Could you give the entries back exactly as they stand, minus any pictures?

- [Stored data]

━━━

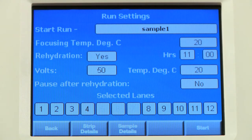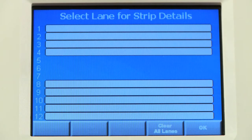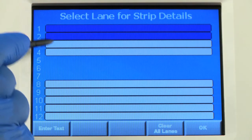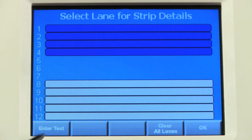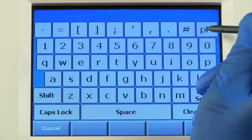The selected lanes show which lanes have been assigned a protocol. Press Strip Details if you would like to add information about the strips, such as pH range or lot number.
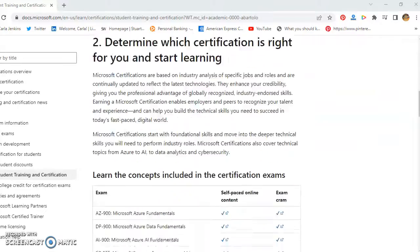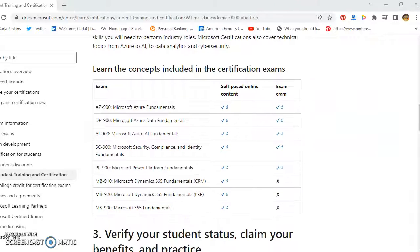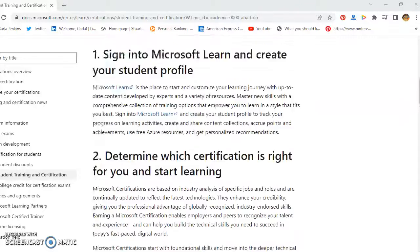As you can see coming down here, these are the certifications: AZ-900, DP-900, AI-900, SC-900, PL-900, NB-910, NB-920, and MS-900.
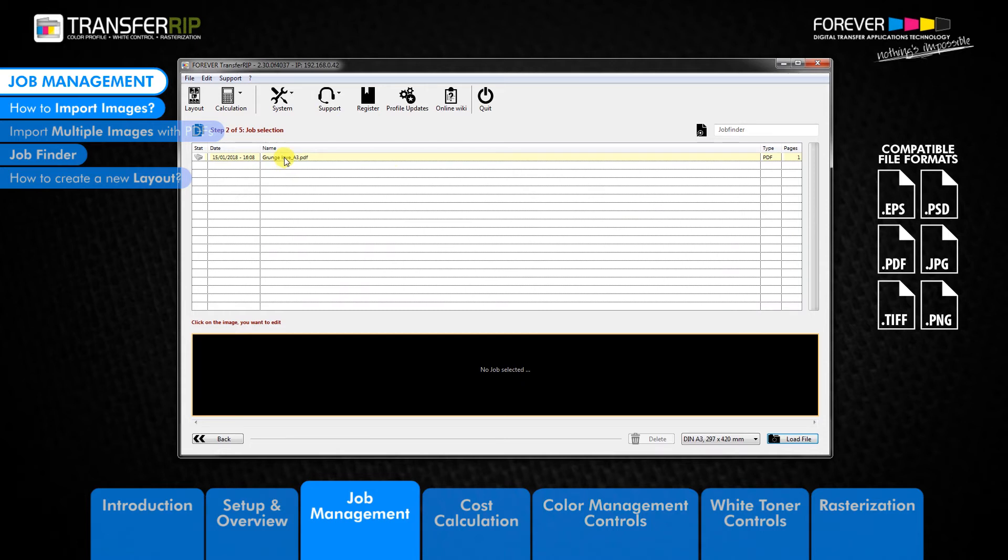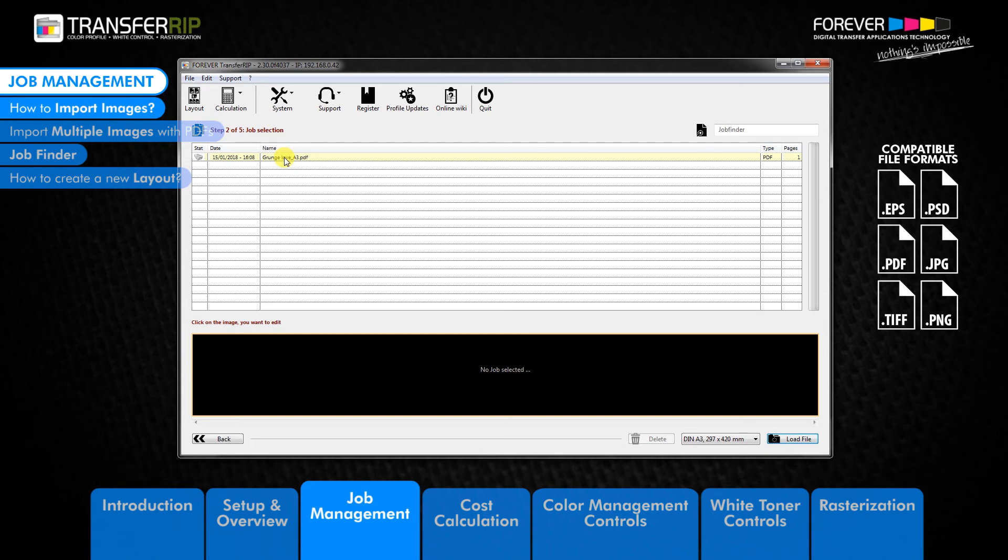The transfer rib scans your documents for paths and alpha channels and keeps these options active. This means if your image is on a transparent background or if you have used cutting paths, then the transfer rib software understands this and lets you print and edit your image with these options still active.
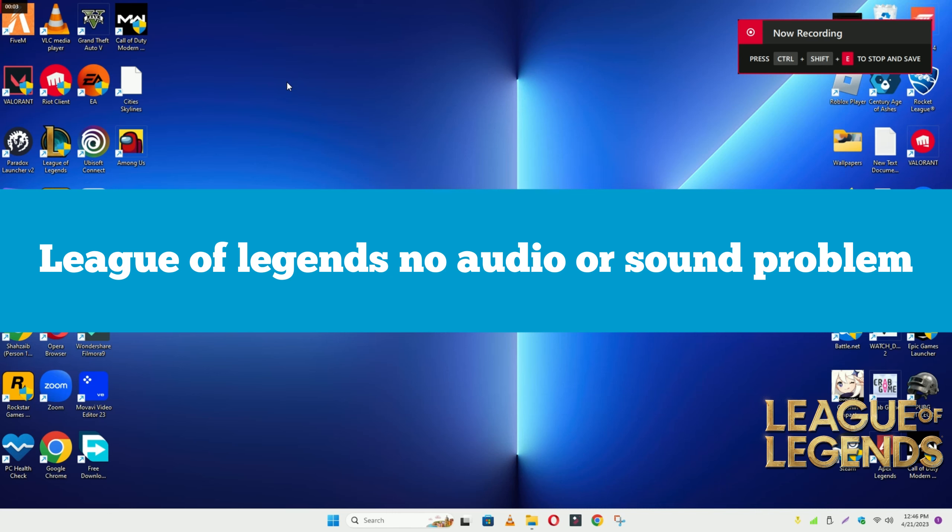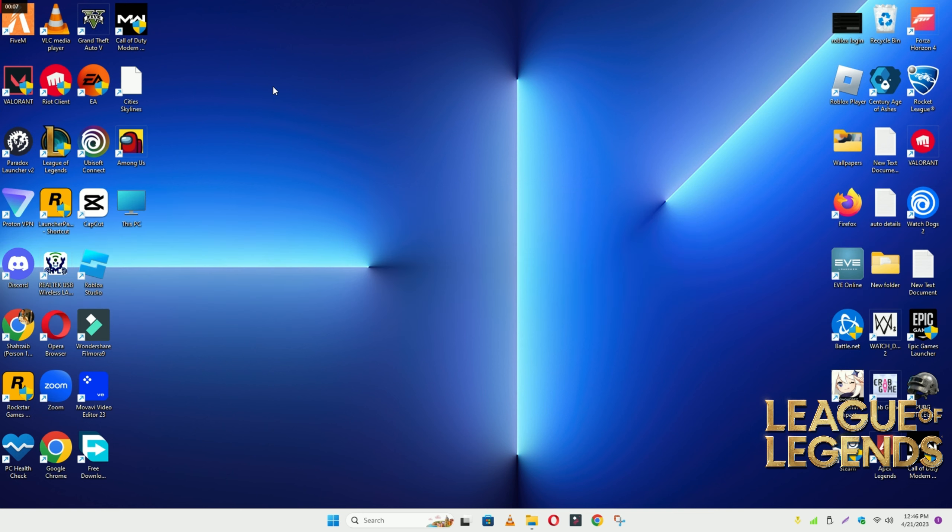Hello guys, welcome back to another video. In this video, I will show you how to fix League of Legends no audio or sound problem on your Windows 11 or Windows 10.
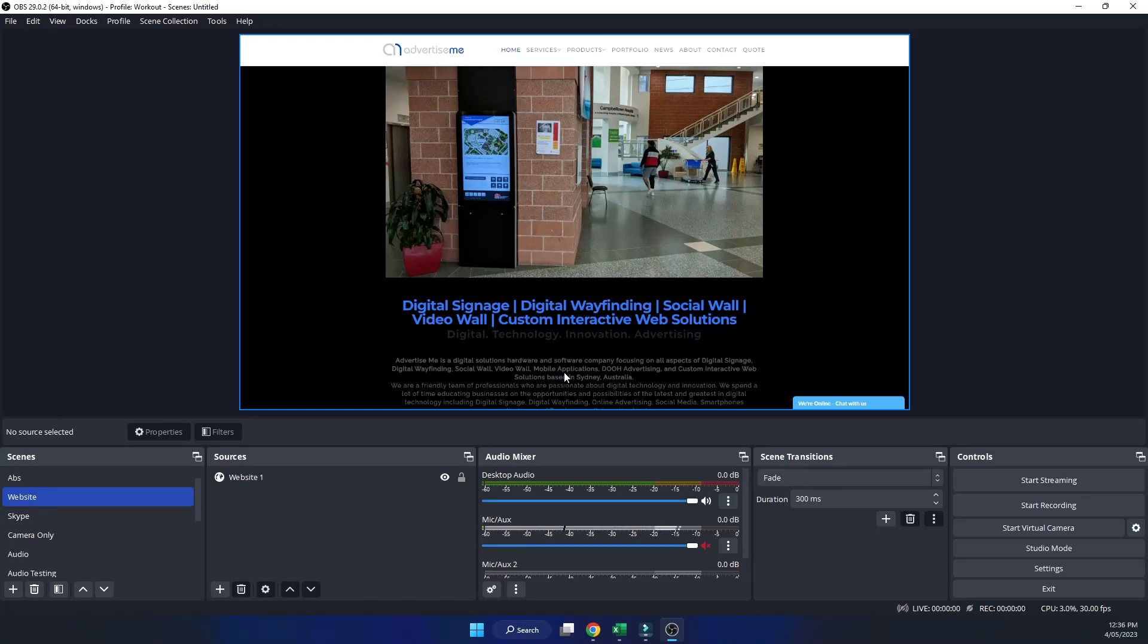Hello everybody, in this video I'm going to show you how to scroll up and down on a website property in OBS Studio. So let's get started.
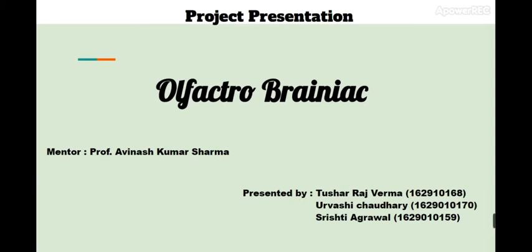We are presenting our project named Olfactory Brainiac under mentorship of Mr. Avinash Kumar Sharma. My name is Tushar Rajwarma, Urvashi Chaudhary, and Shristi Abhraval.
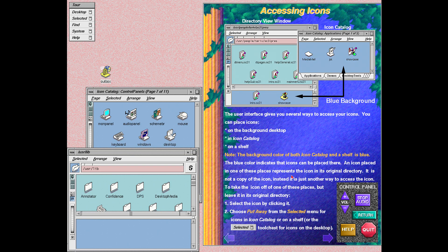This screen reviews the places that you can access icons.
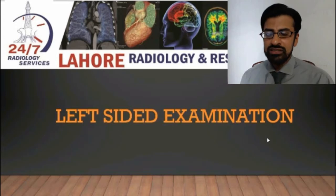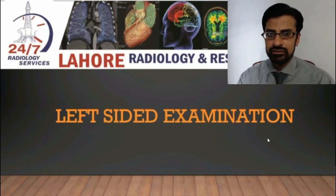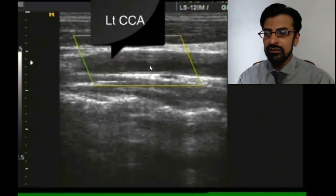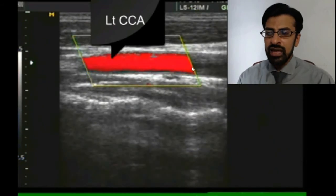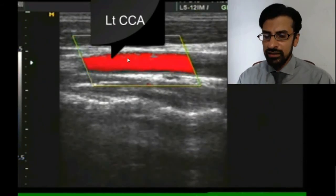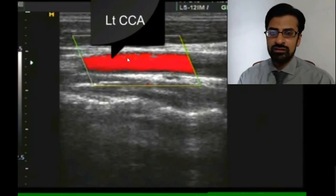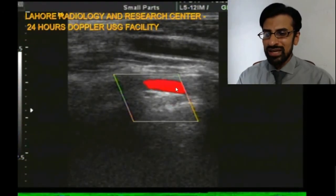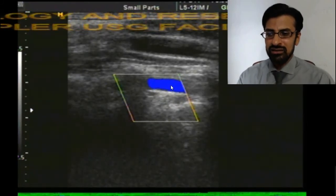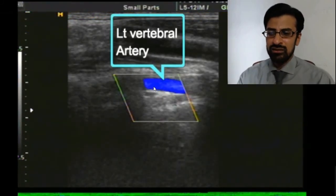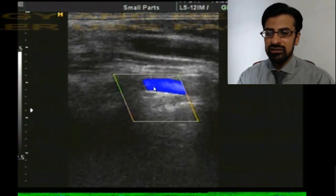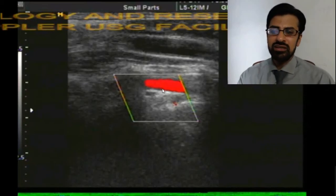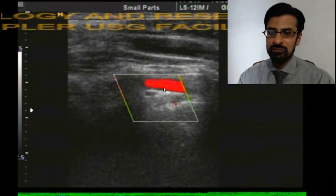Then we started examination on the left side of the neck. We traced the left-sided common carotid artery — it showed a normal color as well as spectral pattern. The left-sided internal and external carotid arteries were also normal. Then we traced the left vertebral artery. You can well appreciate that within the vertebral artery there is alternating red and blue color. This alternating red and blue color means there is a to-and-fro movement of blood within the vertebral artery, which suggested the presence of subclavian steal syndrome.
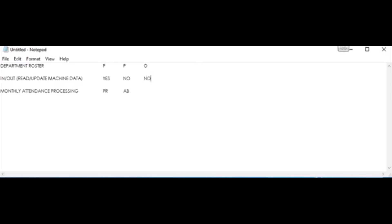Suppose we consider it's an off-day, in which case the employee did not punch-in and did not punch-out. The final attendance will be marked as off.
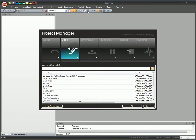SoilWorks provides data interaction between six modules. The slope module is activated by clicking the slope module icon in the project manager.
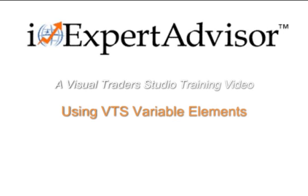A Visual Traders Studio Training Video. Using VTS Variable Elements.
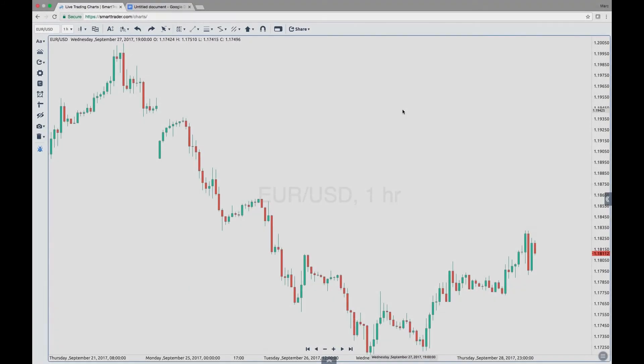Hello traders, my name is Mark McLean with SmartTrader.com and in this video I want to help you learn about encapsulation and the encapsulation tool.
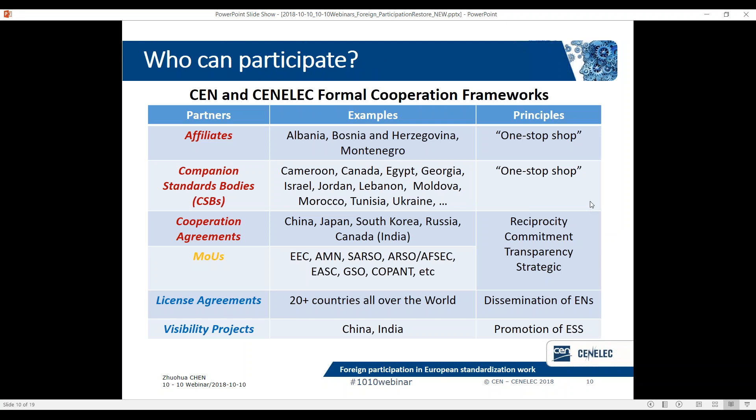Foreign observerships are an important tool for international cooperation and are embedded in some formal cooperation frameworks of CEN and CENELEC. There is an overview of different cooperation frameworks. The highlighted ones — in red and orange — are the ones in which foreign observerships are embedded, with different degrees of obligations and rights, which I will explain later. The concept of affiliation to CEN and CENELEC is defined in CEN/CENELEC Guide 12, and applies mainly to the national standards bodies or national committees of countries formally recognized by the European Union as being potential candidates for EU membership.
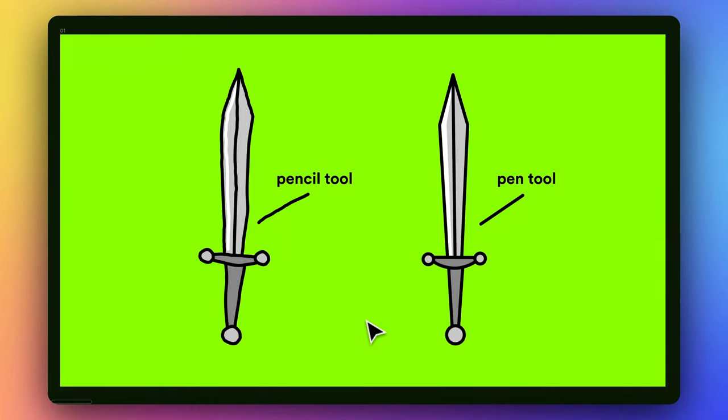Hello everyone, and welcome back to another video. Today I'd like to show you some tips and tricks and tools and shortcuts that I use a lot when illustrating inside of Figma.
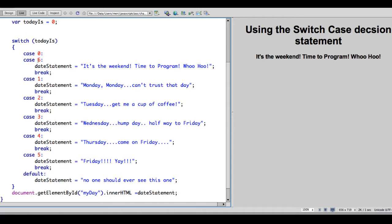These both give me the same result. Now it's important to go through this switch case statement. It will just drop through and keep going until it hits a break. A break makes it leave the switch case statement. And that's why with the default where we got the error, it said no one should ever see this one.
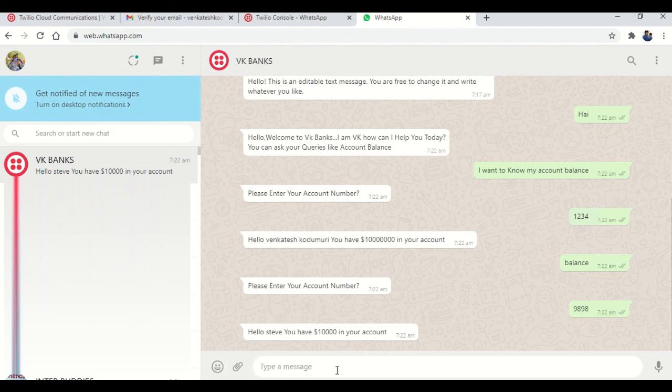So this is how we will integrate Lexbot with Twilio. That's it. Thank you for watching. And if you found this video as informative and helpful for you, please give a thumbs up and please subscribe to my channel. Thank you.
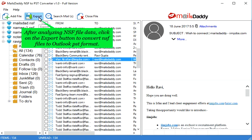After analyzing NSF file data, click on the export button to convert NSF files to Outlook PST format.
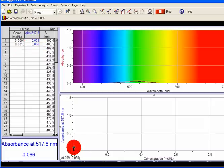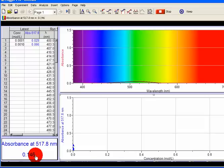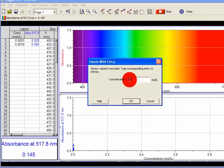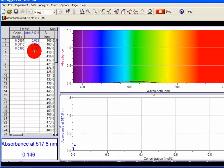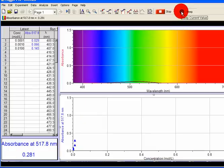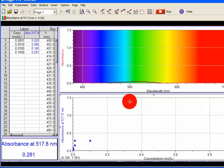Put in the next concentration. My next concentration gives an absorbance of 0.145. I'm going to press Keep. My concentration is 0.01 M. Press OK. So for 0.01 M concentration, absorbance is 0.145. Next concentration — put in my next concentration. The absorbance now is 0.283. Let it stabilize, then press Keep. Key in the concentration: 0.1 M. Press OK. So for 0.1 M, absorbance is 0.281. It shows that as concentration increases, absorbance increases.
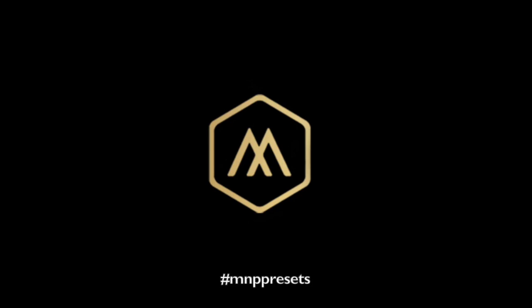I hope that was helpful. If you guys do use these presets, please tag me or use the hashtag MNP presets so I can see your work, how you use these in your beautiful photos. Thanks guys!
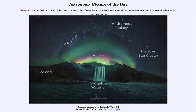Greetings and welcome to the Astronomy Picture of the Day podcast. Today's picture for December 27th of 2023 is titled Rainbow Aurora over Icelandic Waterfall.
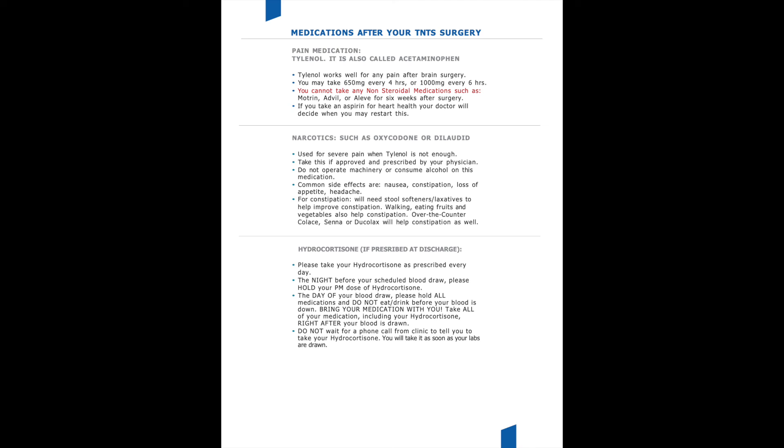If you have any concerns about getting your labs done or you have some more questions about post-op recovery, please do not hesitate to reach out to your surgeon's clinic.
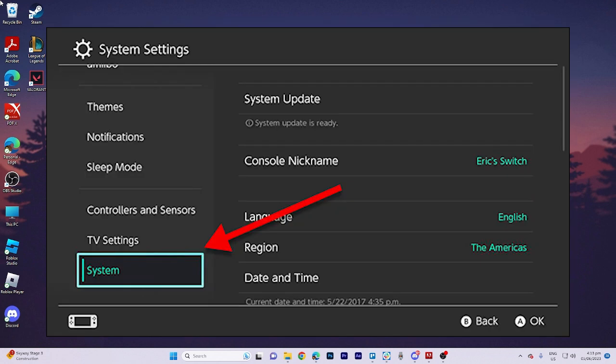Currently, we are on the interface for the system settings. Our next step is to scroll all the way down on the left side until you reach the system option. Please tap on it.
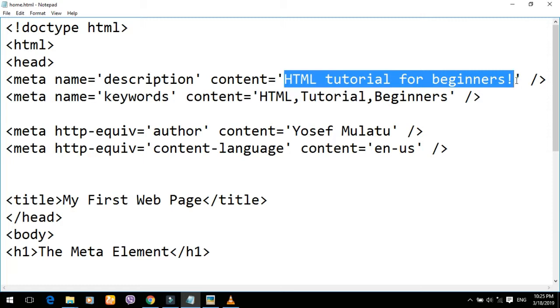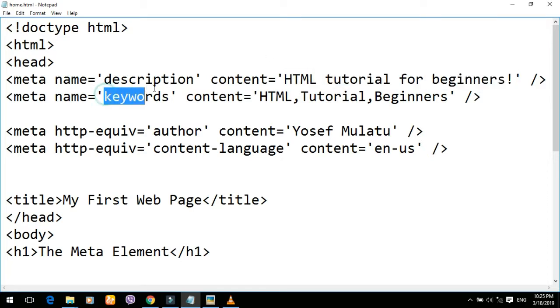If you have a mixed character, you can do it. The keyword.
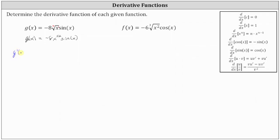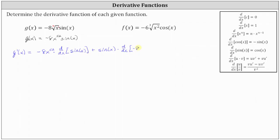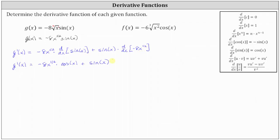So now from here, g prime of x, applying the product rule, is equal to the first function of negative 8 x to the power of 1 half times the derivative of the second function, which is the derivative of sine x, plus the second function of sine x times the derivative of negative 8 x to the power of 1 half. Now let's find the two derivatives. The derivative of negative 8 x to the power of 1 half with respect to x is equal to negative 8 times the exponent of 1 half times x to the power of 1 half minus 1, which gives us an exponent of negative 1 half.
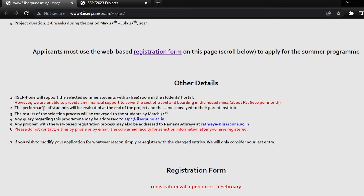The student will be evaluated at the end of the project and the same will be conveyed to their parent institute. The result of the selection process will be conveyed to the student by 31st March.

━━━

- [Solution to this exercise]
The selected lanes show which lanes have been assigned a protocol. Press Strip Details if you would like to add information about the strips, such as pH range or lot number.
As you can see coming down here, these are the certifications: AZ-900, DP-900, AI-900, SC-900, PL-900, NB-910, NB-920, and MS-900.
The transfer rib scans your documents for paths and alpha channels and keeps these options active. This means if your image is on a transparent background or if you have used cutting paths, then the transfer rib software understands this and lets you print and edit your image with these options still active.
Hello guys, welcome back to another video. In this video, I will show you how to fix League of Legends no audio or sound problem on your Windows 11 or Windows 10.
Hello everybody, in this video I'm going to show you how to scroll up and down on a website property in OBS Studio. So let's get started.
We are presenting our project named Olfactory Brainiac under mentorship of Mr. Avinash Kumar Sharma. My name is Tushar Rajwarma, Urvashi Chaudhary, and Shristi Abhraval.
This screen reviews the places that you can access icons.
Then we started examination on the left side of the neck. We traced the left-sided common carotid artery — it showed a normal color as well as spectral pattern. The left-sided internal and external carotid arteries were also normal. Then we traced the left vertebral artery. You can well appreciate that within the vertebral artery there is alternating red and blue color. This alternating red and blue color means there is a to-and-fro movement of blood within the vertebral artery, which suggested the presence of subclavian steal syndrome.
Suppose we consider it's an off-day, in which case the employee did not punch-in and did not punch-out. The final attendance will be marked as off.
SoilWorks provides data interaction between six modules. The slope module is activated by clicking the slope module icon in the project manager.
A Visual Traders Studio Training Video. Using VTS Variable Elements.
Hello traders, my name is Mark McLean with SmartTrader.com and in this video I want to help you learn about encapsulation and the encapsulation tool.
Foreign observerships are an important tool for international cooperation and are embedded in some formal cooperation frameworks of CEN and CENELEC. There is an overview of different cooperation frameworks. The highlighted ones — in red and orange — are the ones in which foreign observerships are embedded, with different degrees of obligations and rights, which I will explain later. The concept of affiliation to CEN and CENELEC is defined in CEN/CENELEC Guide 12, and applies mainly to the national standards bodies or national committees of countries formally recognized by the European Union as being potential candidates for EU membership.
Hello everyone, and welcome back to another video. Today I'd like to show you some tips and tricks and tools and shortcuts that I use a lot when illustrating inside of Figma.
These both give me the same result. Now it's important to go through this switch case statement. It will just drop through and keep going until it hits a break. A break makes it leave the switch case statement. And that's why with the default where we got the error, it said no one should ever see this one.
So this is how we will integrate Lexbot with Twilio. That's it. Thank you for watching. And if you found this video as informative and helpful for you, please give a thumbs up and please subscribe to my channel. Thank you.
After analyzing NSF file data, click on the export button to convert NSF files to Outlook PST format.
Put in the next concentration. My next concentration gives an absorbance of 0.145. I'm going to press Keep. My concentration is 0.01 M. Press OK. So for 0.01 M concentration, absorbance is 0.145. Next concentration — put in my next concentration. The absorbance now is 0.283. Let it stabilize, then press Keep. Key in the concentration: 0.1 M. Press OK. So for 0.1 M, absorbance is 0.281. It shows that as concentration increases, absorbance increases.
I hope that was helpful. If you guys do use these presets, please tag me or use the hashtag MNP presets so I can see your work, how you use these in your beautiful photos. Thanks guys!
Greetings and welcome to the Astronomy Picture of the Day podcast. Today's picture for December 27th of 2023 is titled Rainbow Aurora over Icelandic Waterfall.
If you have any concerns about getting your labs done or you have some more questions about post-op recovery, please do not hesitate to reach out to your surgeon's clinic.
Currently, we are on the interface for the system settings. Our next step is to scroll all the way down on the left side until you reach the system option. Please tap on it.
If you have a mixed character, you can do it. The keyword.
So now from here, g prime of x, applying the product rule, is equal to the first function of negative 8 x to the power of 1 half times the derivative of the second function, which is the derivative of sine x, plus the second function of sine x times the derivative of negative 8 x to the power of 1 half. Now let's find the two derivatives. The derivative of negative 8 x to the power of 1 half with respect to x is equal to negative 8 times the exponent of 1 half times x to the power of 1 half minus 1, which gives us an exponent of negative 1 half.
The student will be evaluated at the end of the project and the same will be conveyed to their parent institute. The result of the selection process will be conveyed to the student by 31st March.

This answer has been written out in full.